Actually, I picked on ApiQueryRandom because it *seems* to be the source of the queries. SpecialRandompage apparently already limits page_namespace values using MWNamespace::getContentNamespaces(), and nothing else in mediawiki-core seems to fit the profile. Perhaps a Developer can say more...
The example query above had a FORCE INDEX (page_random) removed during testing: mysql wmf db1043 root enwiki> explain SELECT page_title, page_namespace FROM `page` force index (page_random) WHERE page_namespace = '446' AND page_is_redirect = '0' AND (page_random >= 0) ORDER BY page_random LIMIT 1\G *************************** 1. row *************************** id: 1 select_type: SIMPLE table: page type: range possible_keys: page_random key: page_random key_len: 8 ref: NULL rows: 15821483 Extra: Using index condition; Using where 1 row in set (0.25 sec) Simply removing the force allows invalid namespaces to be optimized away: mysql wmf db1043 root enwiki> explain SELECT page_title, page_namespace FROM `page` WHERE page_namespace = '446' AND page_is_redirect = '0' AND (page_random >= 0) ORDER BY page_random LIMIT 1\G *************************** 1. row *************************** id: 1 select_type: SIMPLE table: page type: ref possible_keys: name_title,page_random,page_redirect_namespace_len key: name_title key_len: 4 ref: const rows: 1 Extra: Using where; Using filesort 1 row in set (0.25 sec) This is actually a problem with both RandomPage::selectRandomPageFromDB and ApiQueryRandom::runQuery; both are showing up in slow logs with large index scans. Seems like the FORCE INDEX (page_random) isn't necessary for the mediawiki pseudo-random approach to function. The second example above allows a filesort but this is much lower impact than the massive index scan. Consider removing the force so that more appropriate indexes can be chosen (or added).

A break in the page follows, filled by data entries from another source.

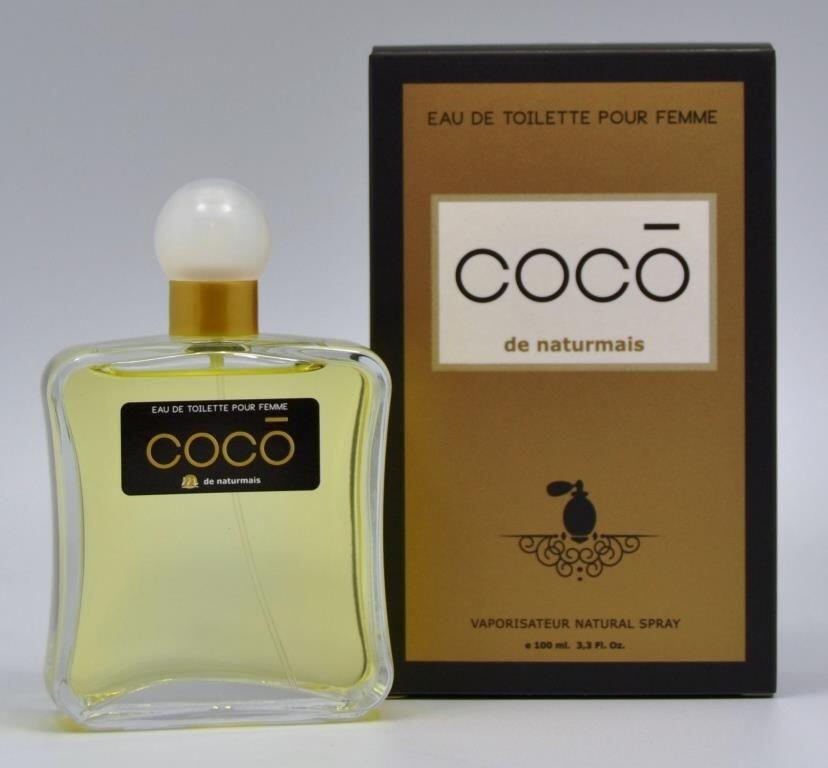 Perfume Coco para Mujer 100ml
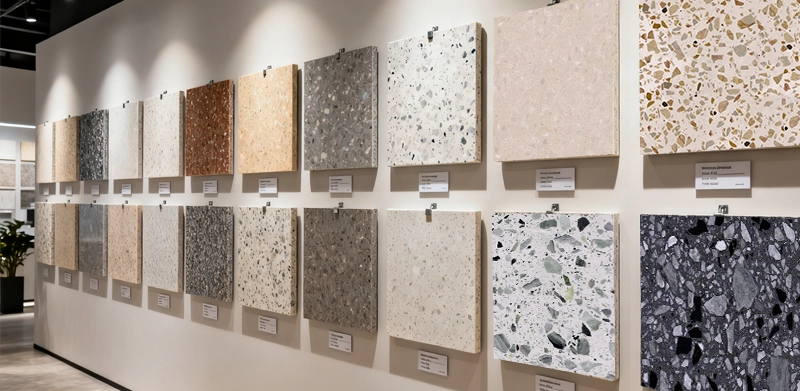 terrazzo floor tile terrazzo floor tile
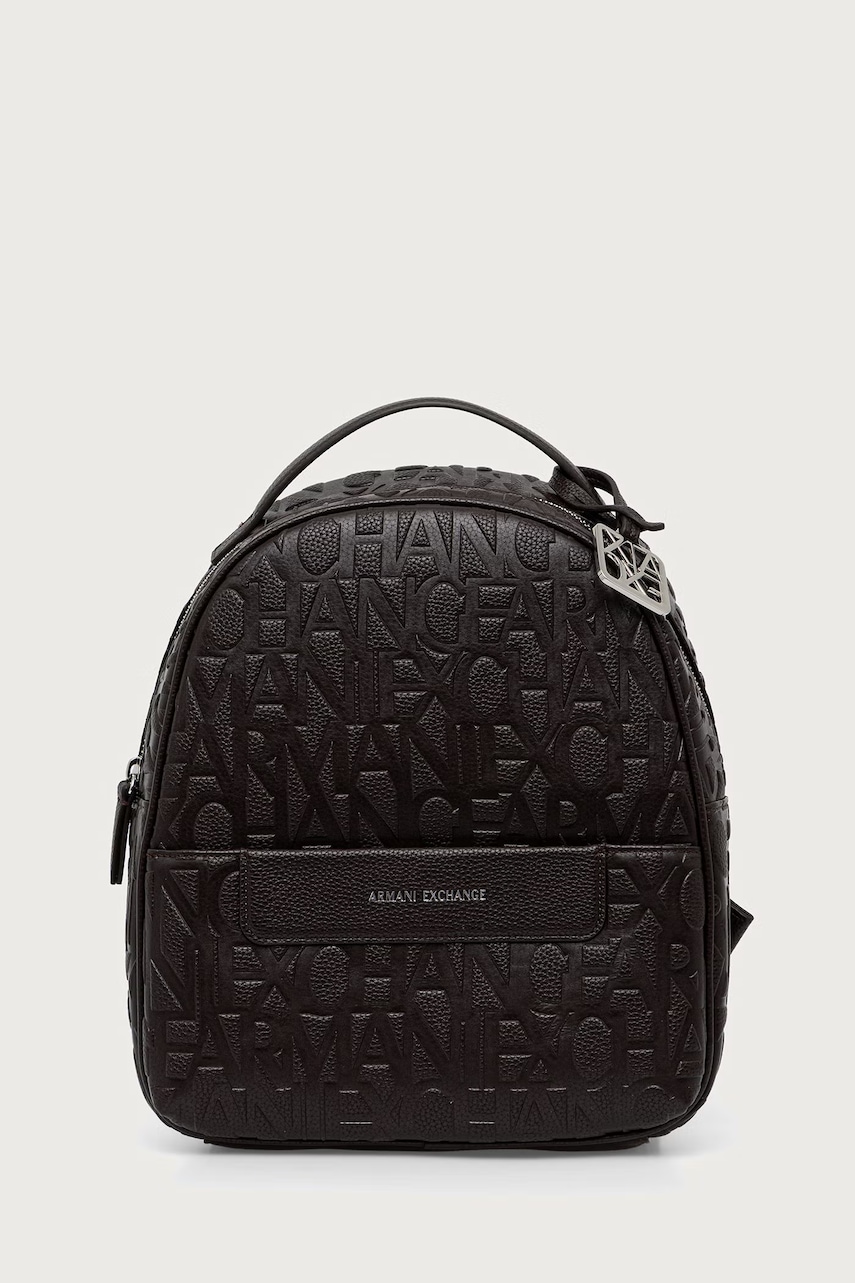 Armani Exchange plecak damski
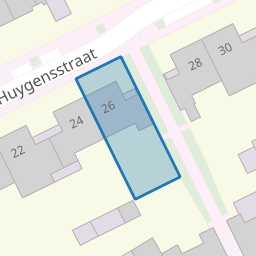 Perceel BTL00-B-3540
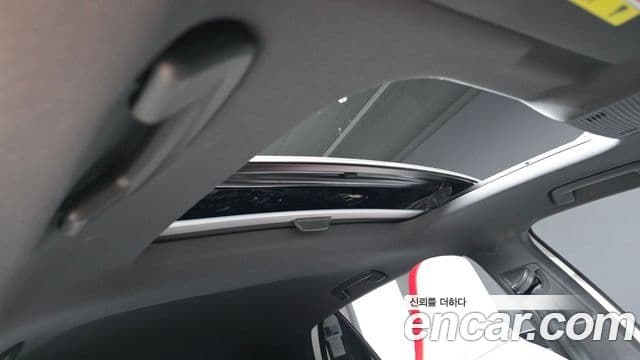 Volkswagen Гольф 8세대 2.0 GTI, 2024 18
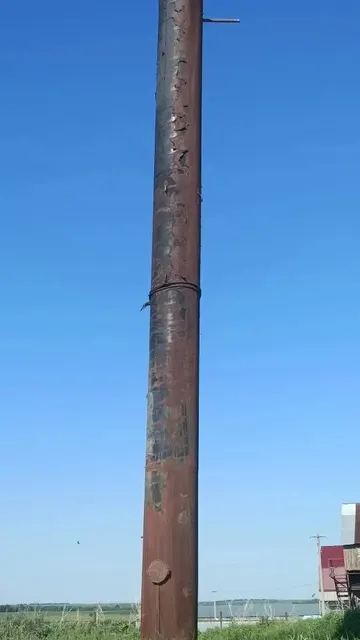 Водяная башня (на слом)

(In reply to comment #0) > ApiQueryRandom should check for a valid page_namespace first. Note that 446 is a valid page_namespace, it's "Education Program" (there's a handy chart on [[WP:NS]]). I wonder if this is related to bug 58324?
Ah ok, thanks. I went on distinct enwiki page_namespace values. That makes removing the forced index the only solution.
Gerrit change #102880 fixed the "empty namespace" issue, so this should be closed unless you want to keep it open to address this comment left on that change: > page_random may need some reindexing too, either (page_namespace, page_random) > for best effect or (page_random, page_namespace) for lesser effect while still > avoiding filesort and reusing exiting page_random index in case anything else > still forces it.